During my two weeks of testing prior to Pro Tour Fate Reforged, myself and Team Pantheon went through a boatload of Modern brews before it was determined that a tuned list of Infect was the way to go. While two weeks may sound like a lot, when you have a format as diverse as Modern that has such a deep cardpool, it's very difficult to try out every idea to its fullest. Every time a brew was tested, there had to be a stock deck on the other side of the table. To get a real feel for the matchup, approximately ten games needed to be played between pre and post-sideboard which would take anywhere from an hour to three hours. That, compounded with the need to split time between Constructed and Limited, left some decks less explored that they deserved.

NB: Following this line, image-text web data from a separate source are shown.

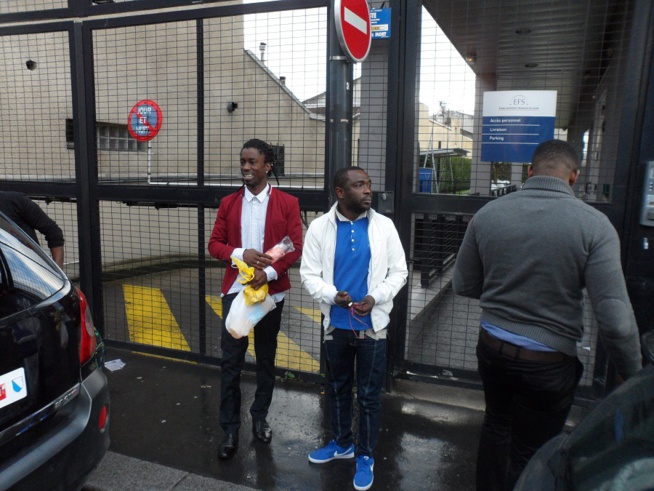 Eclusivité: Les premiéres images de la nouvelle vidéo clip de Jule Danse de Paris feat Salam Diallo et Waly Seck. Regardez Eclusivité: Les premiéres images de la nouvelle vidéo clip de Jule Danse de Paris feat Salam Diallo et Waly Seck. Regardez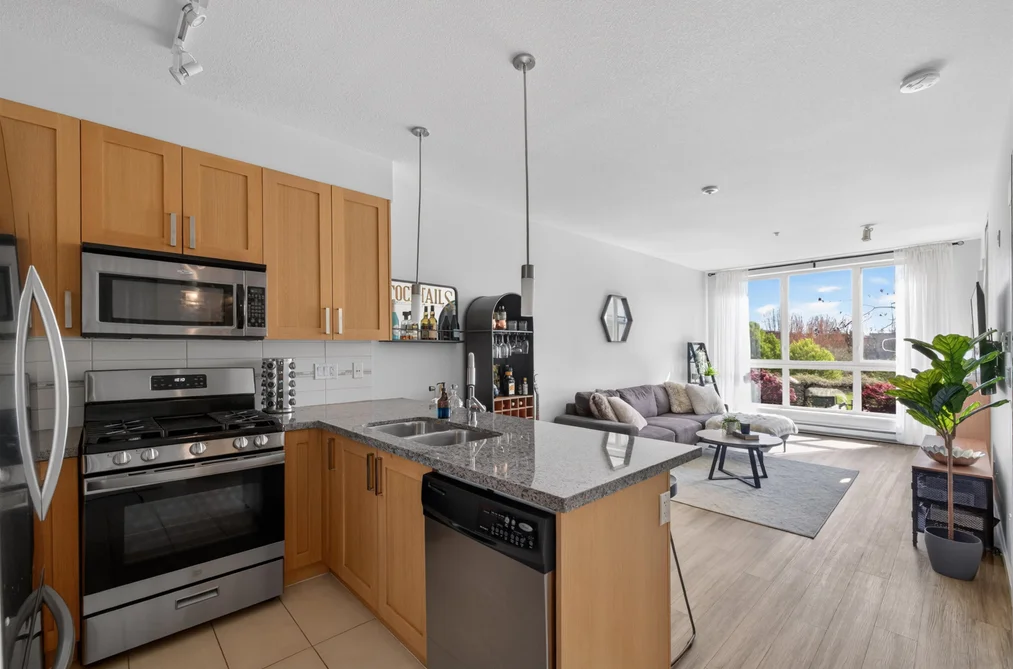 329 15918 26 AVENUE, Surrey BC V3Z 5K3, Surrey BC — Residential for Sale - Photo 2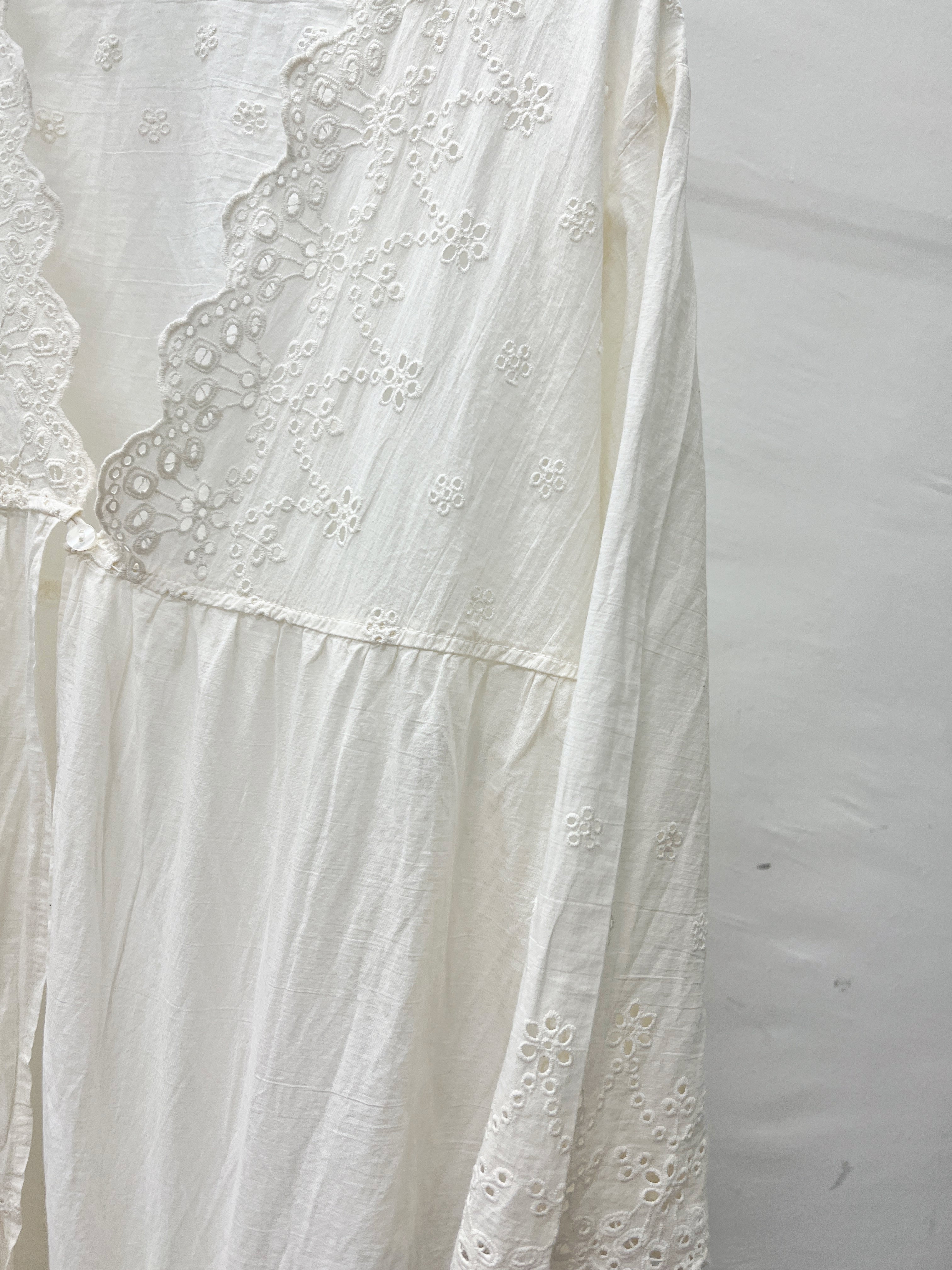 【SALE】v領通花外襯|2 col
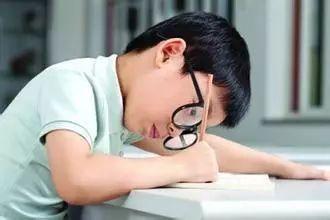 手机玩游戏有什么危害_玩手机游戏的危害30条_玩手机玩游戏的危害
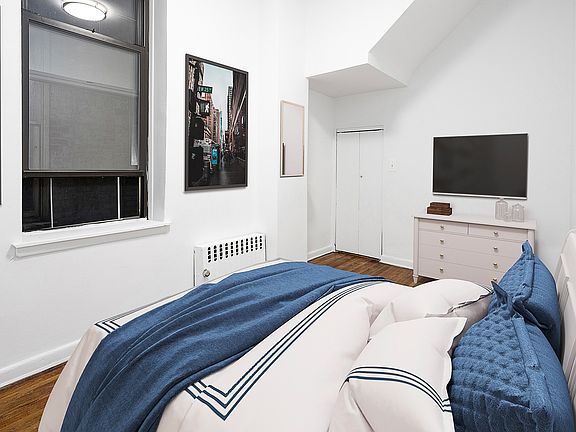 3rd image of 201 W 91st St APT 1B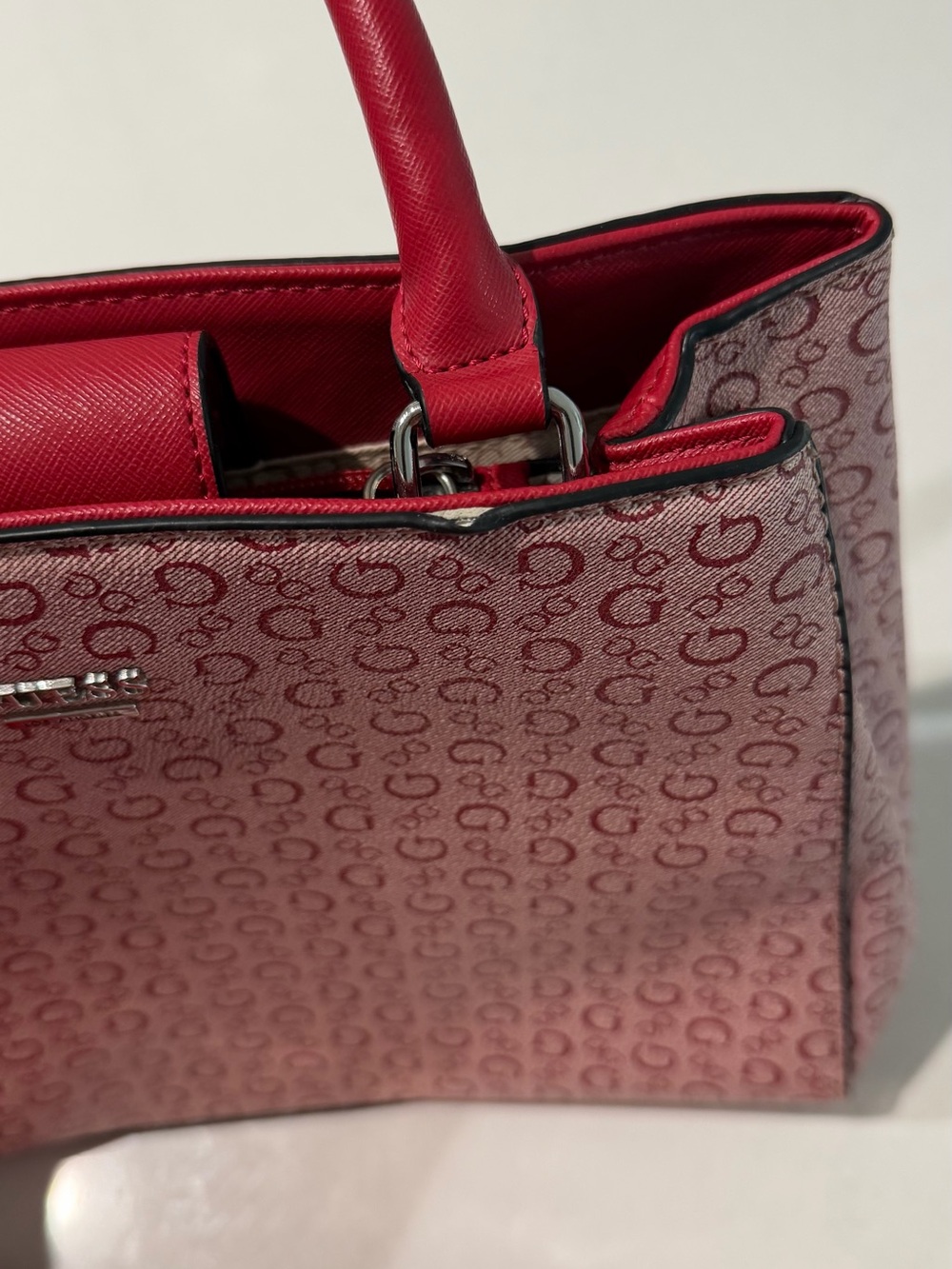 GUESS bundle bag - Picture 3 of 9
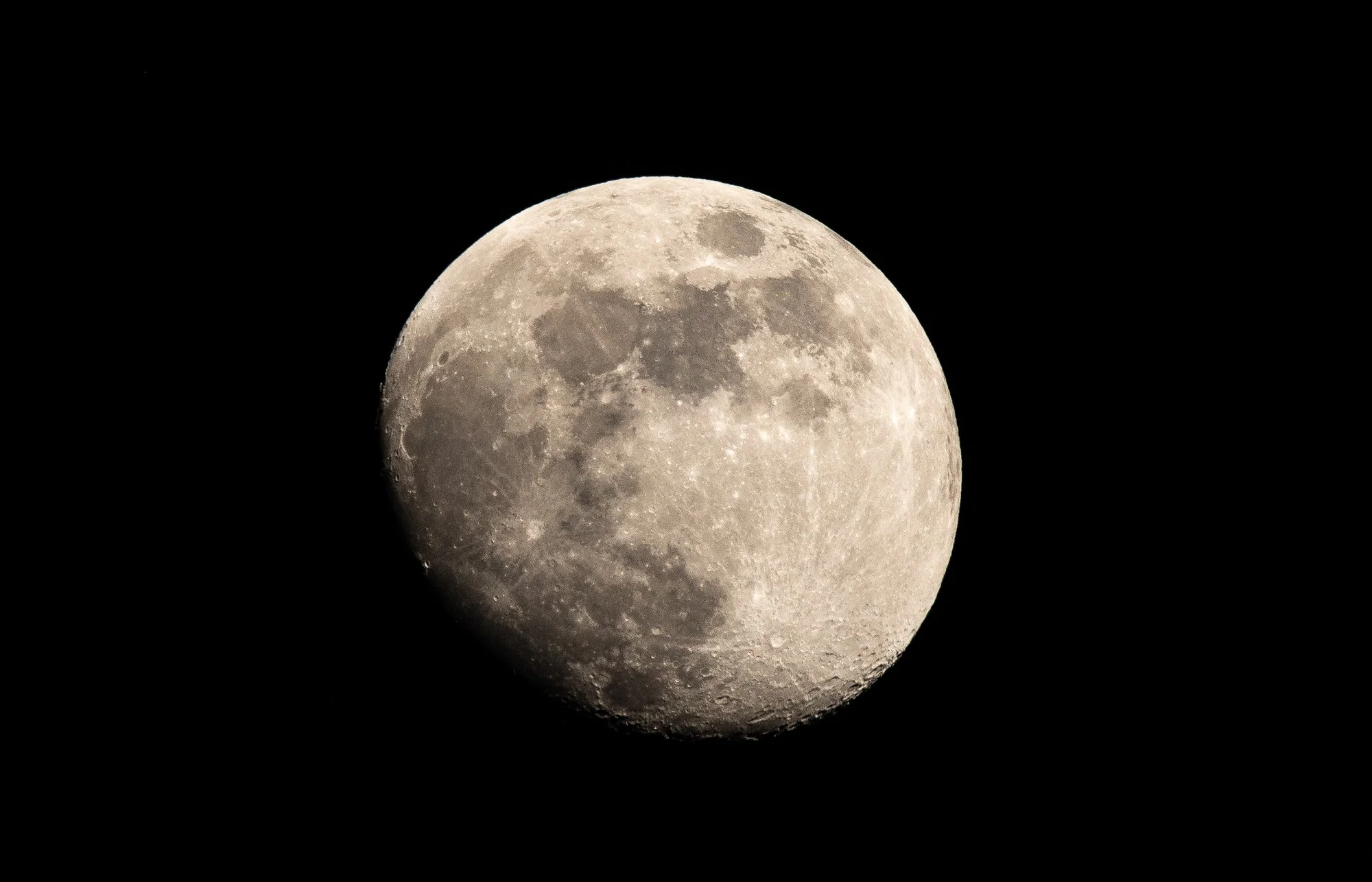 Moon.jpg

Today I'll be talking about four lists that all had merits but didn't quite get there in terms of being what the team felt was the best deck. Some didn't like the feel of the decks and others didn't like having weaknesses to certain cards or matchups. With infinite time to tune and a very defined metagame, I could see any of the following decks being real contenders in Modern.
Let's get to it.
This version of 8-Rack was developed by Reid Duke and put up surprising results across the field. When this deck won, it looked like it was getting lucky topdecks or the opponent was getting mana screwed. When it lost, it looked like a pathetic pile of cards that didn't do anything. With that said, it was winning more than it was losing.
The goal of 8-Rack is to trade resources with your opponent and disrupt their gameplan enough where their deck doesn't function properly. Wrench Mind, Liliana of the Veil, and a timely Smallpox all work towards you incrementally getting ahead in card advantage. Once the opponent is at zero cards or close to it, the namesake cards in The Rack and Shrieking Affliction work to close out the game quickly.
Smallpox is a card that doesn't appear in many 8-Rack decks. Instead they run Ensnaring Bridge as a way to control the game by disabling attacking while your racks finish the job. Smallpox aggressively trades your resources for theirs, which I like more than having a hardlock card like Ensnaring Bridge. Often the games come down to them landing a creature threat and you winning the race with a couple racks. I liked the fact that the deck played a tighter and more interactive game.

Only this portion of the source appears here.